To do >>
Looking at the data below, how many lines include the word "Market"? Respond with the number only.

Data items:
/---

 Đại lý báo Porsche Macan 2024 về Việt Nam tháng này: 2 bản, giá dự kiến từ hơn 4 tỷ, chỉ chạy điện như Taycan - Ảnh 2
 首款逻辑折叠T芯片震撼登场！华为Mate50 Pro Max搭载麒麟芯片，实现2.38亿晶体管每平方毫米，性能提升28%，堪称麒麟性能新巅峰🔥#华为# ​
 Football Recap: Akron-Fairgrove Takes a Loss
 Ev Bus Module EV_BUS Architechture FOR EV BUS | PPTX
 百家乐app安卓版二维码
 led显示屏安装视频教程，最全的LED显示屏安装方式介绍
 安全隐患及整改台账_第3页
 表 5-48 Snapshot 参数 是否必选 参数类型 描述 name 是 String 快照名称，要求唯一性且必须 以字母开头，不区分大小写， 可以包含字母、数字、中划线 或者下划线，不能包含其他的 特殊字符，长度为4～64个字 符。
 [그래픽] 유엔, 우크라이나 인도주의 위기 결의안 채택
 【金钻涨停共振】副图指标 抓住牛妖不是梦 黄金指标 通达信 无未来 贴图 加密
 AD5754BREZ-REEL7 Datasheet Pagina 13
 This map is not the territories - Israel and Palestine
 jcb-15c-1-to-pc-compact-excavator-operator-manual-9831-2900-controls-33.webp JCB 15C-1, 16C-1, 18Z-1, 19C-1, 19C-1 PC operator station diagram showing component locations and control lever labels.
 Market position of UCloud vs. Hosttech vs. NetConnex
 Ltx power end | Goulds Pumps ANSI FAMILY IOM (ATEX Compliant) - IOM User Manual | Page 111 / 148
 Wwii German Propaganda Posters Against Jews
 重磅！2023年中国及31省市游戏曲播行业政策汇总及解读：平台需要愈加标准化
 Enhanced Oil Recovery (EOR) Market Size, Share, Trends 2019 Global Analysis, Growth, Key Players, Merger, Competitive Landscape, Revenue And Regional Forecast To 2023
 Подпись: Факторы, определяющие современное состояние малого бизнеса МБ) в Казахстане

\---

Answer to the problem >>
2